Thursday, September 18, 2014

On the Runway Blog: Amy Adams, MaxMara’s Newest Hollywood Connection


Amy Adams, the face of MaxMara this fall, front row at the label's spring 2015 show in Milan.
Amy Adams, the face of MaxMara this fall, front row at the label's spring 2015 show in Milan.Credit Daniel Dal Zennaro/European Pressphoto Agency

How do certain celebrities wind up in the front row at fashion shows? Trying to make sense of front-row celebrity seat assignments is a recurring question as the third round of spring 2015 shows races along in Milan.
MILAN FASHION WEEK
Coverage from in and around the Milan shows.
Amy Adams, the 40-year-old actress, certainly isn’t a fixture of the front row and yet there she was, two seats from Anna Wintour, at MaxMara’s show in Milan on Thursday morning. She’s only been, by her estimation, to six or seven fashion shows over the course of the last decade.
“I don’t even like the front row in the theater,” she said, in an earlier interview from a suite at the Park Hyatt Hotel, near the Duomo. “I don’t like anyone looking at me; I like to be able to have…” She held her hands at a distance, indicating a little bit of space.
Ms. Adams is the face of MaxMara’s latest accessories and sunglasses campaign. “They contacted my agent,” she said. “They were interested in taking a meeting and asked would I be interested? I absolutely was.”
Without a name designer behind its clothes, MaxMara has gotten into the Hollywood game recently as a way of putting a face on the company.
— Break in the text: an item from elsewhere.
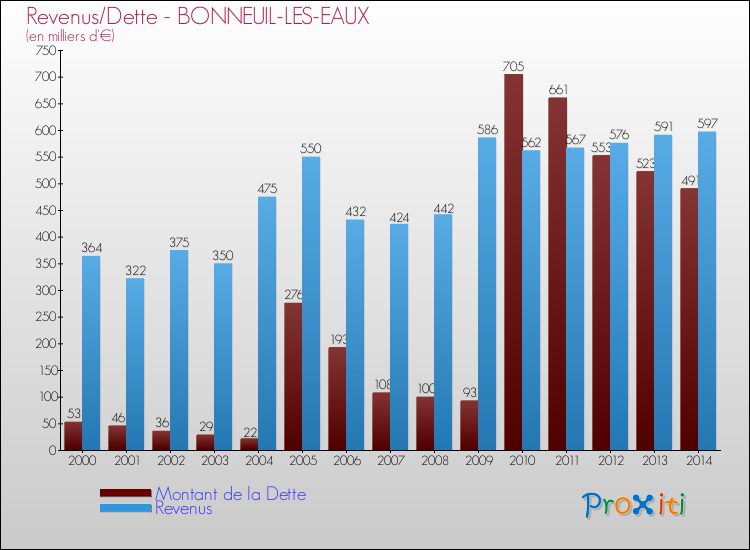 Evolution comparée de la dette et des revenus pour la commune de BONNEUIL-LES-EAUX de 2000 à 2014 Comparaison de la dette et des revenus pour BONNEUIL-LES-EAUX de 2000 à 2014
Last year, it was Jennifer Garner. This year, Ms. Adams.
“They are actresses, but they don’t act,” said Luigi Maramotti, the chairman of MaxMara, right before the show Thursday. “They are real women. They’re not constantly performing something that’s different from their real self.”
He said the Hollywood connection was particularly important to the house. “It’s the place where dreams are created,” he said. “Creativity in our business is, in the end, creating a dream. It’s not about necessity.”
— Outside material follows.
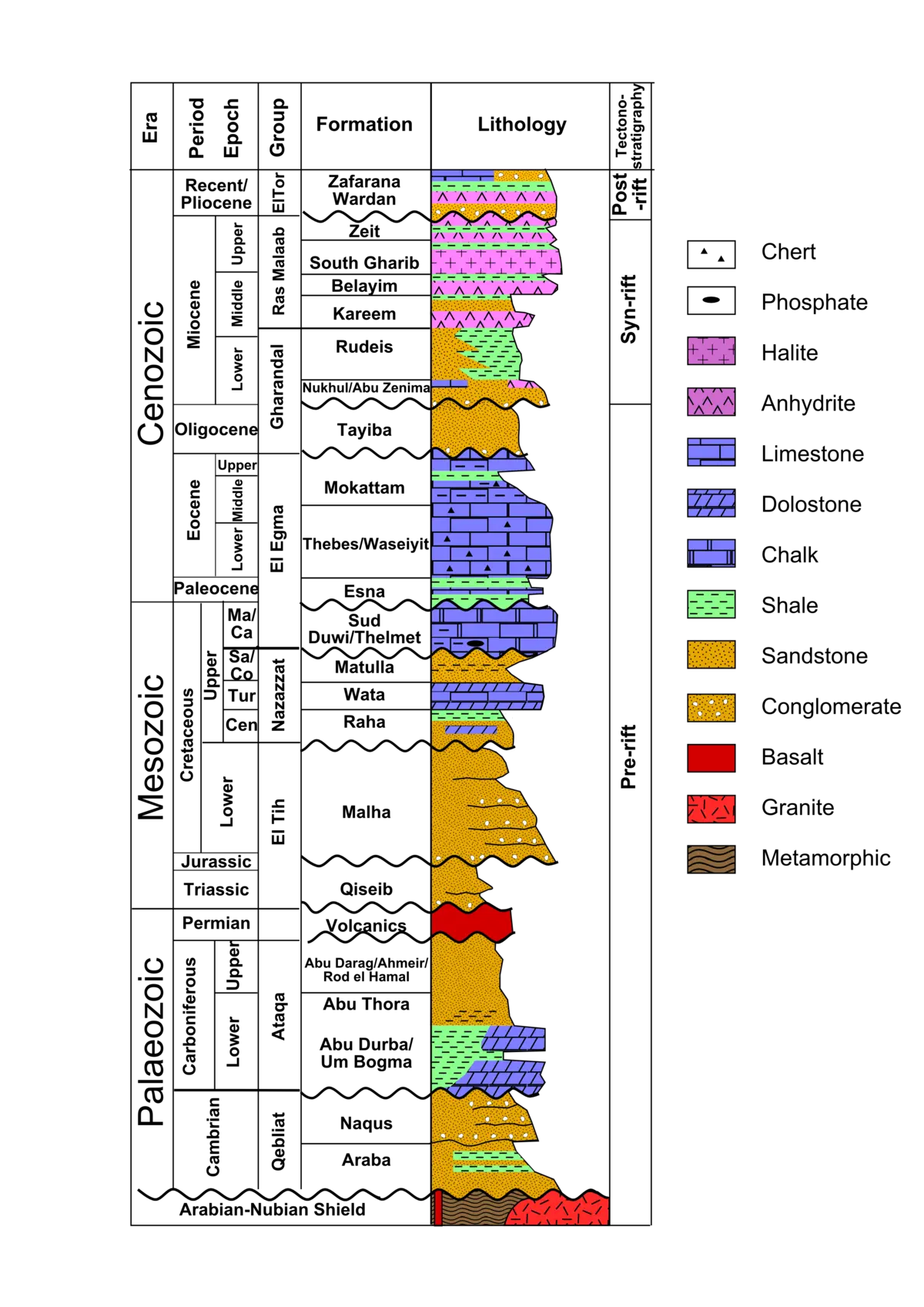 como se grafica los vaques en una columna litoestratigrafica - Cuáles son los principios estratigráficos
He added, “This is the reason, not only for MaxMara, that more than ever the connection between fashion and film making and actresses is very strong.”
In Ms. Adams’s telling, it all started with that one phone call.
“I think what was pitched was MaxMara was working on a collaboration between actresses and their line and they’re looking to add you to do that and would you be interested?” she said. “There was a billboard of Jennifer Garner on Sunset that I drove by every day, and I just thought she looks awesome. I want everything she’s wearing.”
Ms. Adams said she had been approached by fashion labels before and had worked with Lacoste on a perfume line.
“It’s always, like, does this work for me?” she said. “Can I talk to people about it and be authentic? That’s very important to me. I’m not a very good faker.”
Apparently, for those brands, she couldn’t be authentic. (When asked to name them, she replied, “I will not say.”)
“I’m not a natural businesswoman, I’m not a natural model,” she said, adding that a lot of the fashion world made her a bit uncomfortable but that this house had made her feel right at home.
The MaxMara look makes sense to her too, she said. “I love lots of designers but I can’t wear their clothing,” she said. “It’s just not going to work. I’m 5-foot-4.”
Mr. Maramotti said her contract is a one-year deal (“For the time being,” he said). But what about that other stuff that you get in that contract: The free clothes? The free purses? Did that help Ms. Adams sign on?
“It’s not written in the contract, no,” she said, chuckling.
But those perks have to be among the more appealing parts of the deal.
“Well, you know,” she said, before pausing and clasping her hands. “I’m not jumping into that pool, mister.”